Высоцкий. Спасибо, что живой трейлеры
Как это у нас обычно бывает, проект упёрся вовсе не в здравомыслие кого-нибудь из продюсеров, в смысле «что-то мы, ребята, какую-то фигню тут сымаем», а в банальную технику — «резиновый» Высоцкий поверх Безрукова с самого начала оказался что называется «не торт». Ну то есть фотку на плакат сделать — как живой, а как начинает шевелиться, ну полный швах. Сколько этого шваха в итоге сохранилось и предстало перед нами после компьютерной обработки — мы уже не узнаем, но сами создатели повсеместно рассказывают про «пять лет работы над фильмом», то есть, даже не упоминая ни первого режиссёра, ни первого названия, ни даже самого Безрукова, некогда бывшего не только номинальным, но и официальным исполнителем роли. Константин Эрнст никак не открещивается от той, не сложившейся истории, и наверняка использовал из того материала всё, что можно.

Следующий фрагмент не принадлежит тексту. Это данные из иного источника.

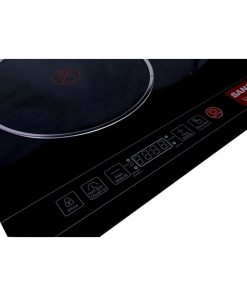 Bếp hồng ngoại Sanaky SNK-202HGW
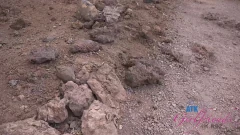 Lola抽烟并抚摸大鸡巴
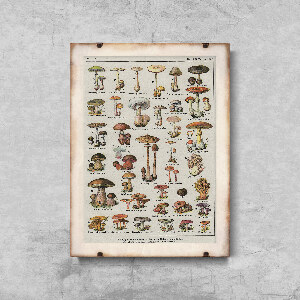 Vintage poster art Botanical Print Mushrooms Science Champignons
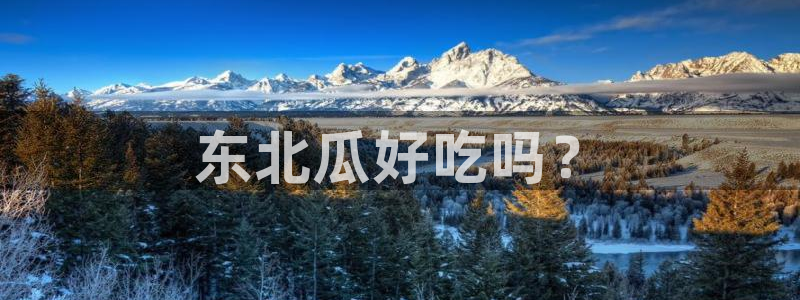 豆瓣自由吃瓜基地：东北瓜好吃吗？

Впрочем, не будем забегать вперёд, потому что тот благополучно закрытый проект был только началом долгой и тяжеловесно скроенной истории. Итак, режиссёра Волошина с его наркотическими изысками благополучно попёрли и крепко призадумались, делать-то чего. На дворе между тем был уже 2008 год, весь мир засматривался на компьютерного Брэда Питта в «Бенджамине Баттоне», и нашим кинобонзам захотелось «нахрен больше». Но оказалось, что на достаточной высоте данной технологией владеет только голливудская компания Mova, а денег она просит таких, что даже у Константина Львовича столько нет (тем более что на носу было наступление кризиса). Пришлось отыгрывать назад. В итоге проект был отдан в руки ставшей с момента своего рождения притчей во языцех компании «Монументал пикчерз», формальным же режиссёром стал Пётр Буслов, который всё одно уже пару лет находился «в творческом поиске» и был готов подписаться на любой продюсерский диктат, лишь бы работать. Продюсеры же думали теперь только об одном — как бы не выйти из бюджета, а уж «о чём кино» задумывались разве что приданные Никите Высоцкому безымянные литературные рабы, если, конечно, задумывались.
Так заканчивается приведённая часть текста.